Execute this via dbt run-operation get_spatial_metadata --args '{"target_relation": {"schema": "analytics", "identifier": "fact_store_locations"}}'. The output provides a deterministic snapshot of spatial topology, coordinate reference systems, and index configurations. For comprehensive implementation patterns, consult the Versioning Spatial Schemas in dbt cluster documentation.

Step 2: Implement Cross-Environment Diffing & Validation

Raw metadata extraction is only valuable when compared against a known baseline. In CI/CD pipelines, you should serialize the macro output to JSON, commit it to a spatial_metadata/ directory, and run a pre-merge validation that diffs the current environment against the production baseline. Leveraging dbt’s state comparison capabilities (dbt State Comparison) allows you to isolate exactly which models triggered spatial mutations.

Create a custom dbt test that queries the extracted metadata and asserts SRID consistency, geometry type stability, and index presence:

sql
-- tests/assert_spatial_schema_integrity.sql
{{ config(severity='error') }}

WITH current_state AS (
    SELECT
        column_name,
        srid,
        geom_type,
        COALESCE(json_array_length(spatial_indexes), 0) AS index_count
    FROM {{ ref('spatial_metadata_snapshot') }}
),
baseline_state AS (
    SELECT
        column_name,
        srid,
        geom_type,
        index_count
    FROM {{ ref('baseline_spatial_metadata') }}
)
SELECT
    c.column_name,
    c.srid AS current_srid,
    b.srid AS baseline_srid,
    c.geom_type AS current_type,
    b.geom_type AS baseline_type,
    c.index_count AS current_indexes,
    b.index_count AS baseline_indexes
FROM current_state c
JOIN baseline_state b ON c.column_name = b.column_name
WHERE c.srid != b.srid
   OR c.geom_type != b.geom_type
   OR c.index_count < b.index_count;

This test fails fast if a developer accidentally casts coordinates to a different projection or drops a GIST index during a dbt run --full-refresh.
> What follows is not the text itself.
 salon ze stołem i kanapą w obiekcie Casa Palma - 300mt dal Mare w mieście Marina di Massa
By anchoring validation to explicit metadata snapshots, you eliminate the guesswork that typically plagues spatial data scientists during environment promotions.
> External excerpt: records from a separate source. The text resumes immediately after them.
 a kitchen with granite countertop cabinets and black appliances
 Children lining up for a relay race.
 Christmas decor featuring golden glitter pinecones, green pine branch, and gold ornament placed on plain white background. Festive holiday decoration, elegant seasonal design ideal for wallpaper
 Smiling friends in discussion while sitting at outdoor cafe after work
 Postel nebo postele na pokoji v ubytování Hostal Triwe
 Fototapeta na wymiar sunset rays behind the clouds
Step 3: Automate Recovery & Drift Prevention

Detection without automated remediation creates operational overhead. When schema drift is identified, your pipeline should trigger a recovery sequence:

  1. SRID Enforcement: Use ST_Transform() in a pre-hook to normalize incoming data to the canonical EPSG code before materialization.
  2. Index Recreation: Implement post-hook SQL that conditionally creates missing spatial indexes based on the baseline metadata.
  3. Audit Trail Integration: Log all schema mutations to a centralized metadata table, capturing the dbt invocation ID, environment, and diff summary. This aligns with broader audit trail requirements for spatial pipelines and ensures compliance with data security scoping rules.
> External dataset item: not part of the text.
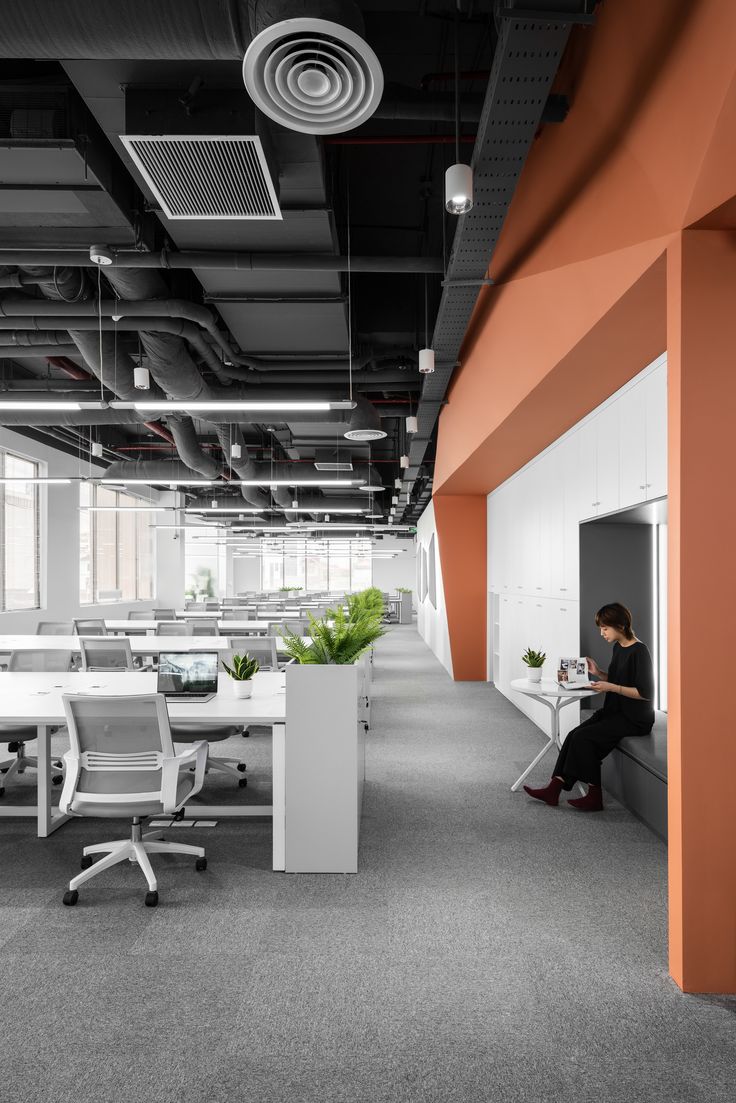 a person sitting at a desk in an office with orange walls and white chairs around it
Integrate these checks into your GitHub Actions or GitLab CI workflows. Run the metadata extraction macro against a staging clone before merging to main. If the diff exceeds acceptable thresholds, block the merge and require explicit approval from a GIS backend developer. This proactive stance prevents silent corruption from propagating to production BI dashboards and routing engines.

Conclusion

Tracking spatial schema changes across environments is not an optional enhancement; it is a foundational requirement for any analytics stack handling geospatial workloads. By combining deterministic metadata extraction, cross-environment diffing, and automated validation tests, teams can maintain strict spatial integrity across the development lifecycle. Implementing these practices ensures that coordinate systems remain consistent, spatial indexes persist, and downstream applications receive reliable, topologically sound data.